After surviving a distressing event, many individuals continue to face issues that can impede on their normal functions. It can be difficult for those who have experienced trauma to figure out how to tend to their needs so that they can move forward with their lives. However, therapeutic treatments can work wonders in helping people cope with what they are going through, turning things around for the better. Many social workers who work in counseling or therapeutic contexts specifically focus on working with trauma survivors, making a world of difference in the lives of those who need it.

anxious woman

The effects of trauma can be both short term and long term, and for many individuals change over time. There is no one-size-fits-all form of trauma, and in turn, no singular way to treat trauma. However, trauma informed care is an umbrella term for a wide number of therapeutic techniques that aim to help patients with a variety of backgrounds and a range of symptoms address their problems and create positive change in their lives.

What is Trauma?

According to the American Psychological Association, “trauma is an emotional response to a terrible event like an accident, rape, or natural disaster.” In other words, it is a person’s experience in the aftermath of such an incident. Some experiences, such as being injured in a car accident, are so extreme that one is aware it is a trauma in the moment, while other experiences may not even register as traumatic until after the fact.

To learn more about the effects of trauma on the brain and body and the different methods social workers use to treat it, read on.

How Trauma Can Affect Us

Everyone is different, and there are many types of traumatic events. Because of this, there are many different ways that trauma can affect us. Though some reactions, behaviors, and effects of trauma are more typical than others, there is no singular way to process trauma, and those who are struggling should know that whatever they are experiencing is legitimate and worthy of care.

When thinking about trauma, we tend to emphasize its emotional impact. Indeed, this is a huge part of what people are experiencing after living through a traumatic event, and is one of the categories in our list. However, there are many other manifestations of trauma that aren’t always directly emotional in nature. Below are a few of the most significant ways trauma can affect us.

Effects of Trauma on the Body

The more scientists continue to research trauma, the more they are finding that it can impact our bodies, even after incidents that were not physical in nature. This can include a variety of physical responses, with examples including (but not limited to) the following:

  • Insomnia
  • Migraines
  • Loss of appetite
  • Nausea
  • Chronic pain
  • Constant fatigue

Importantly, many physical symptoms of trauma can have ripple effects, with consequences on the rest of a person’s life. For example, if one is sleeping poorly, they’re also likely to experience more emotional unrest as well as setting off a chain reaction of other physical symptoms such as headaches or poor digestion. This is why it can be so crucial to look at the body when considering one’s own reaction to trauma.
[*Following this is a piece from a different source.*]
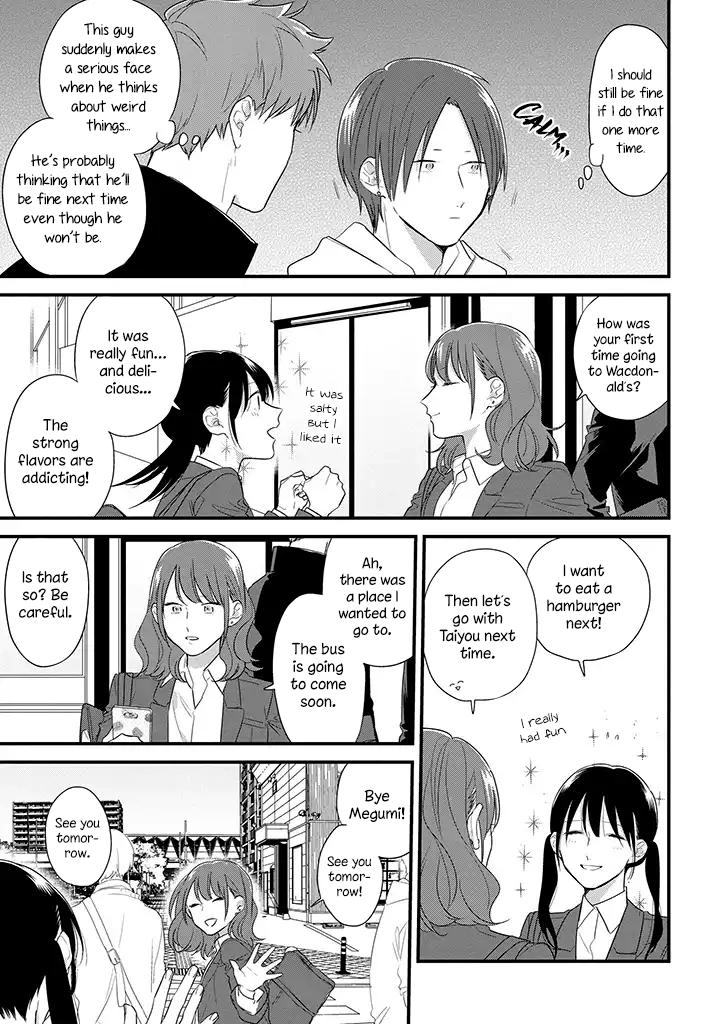 Soushi Souai Chapter 39 22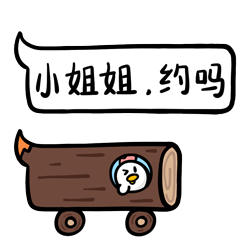 叽叽气泡表情（2017新年）（图ZMTMwNTMyODU2） - 网络表情 - 站酷设计师果汁恒juice原创素材 - 站酷ZCOOL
Some forms of trauma informed care focus on the body specifically. One example is somatization, which studies the body in relation to emotional distress. A report by the Substance Abuse and Mental Health Services Administration (SAMHSA) notes, “Many individuals who present with somatization are likely unaware of the connection between their emotions and the physical symptoms that they’re experiencing.” Some social workers are trained in somatic practitioner therapy, which is one therapeutic modality that helps individuals see how their feelings are stored in the body.

Effects of Trauma on the Brain

Studies have found that trauma does more than simply provoking strong emotions: it can impact our brain, leading to issues with overall functioning. Neurological symptoms like memory loss, heightened perceptions, and anxiety can emerge in the wake of a distressing event, and typically require therapeutic treatment in order to address the underlying issue.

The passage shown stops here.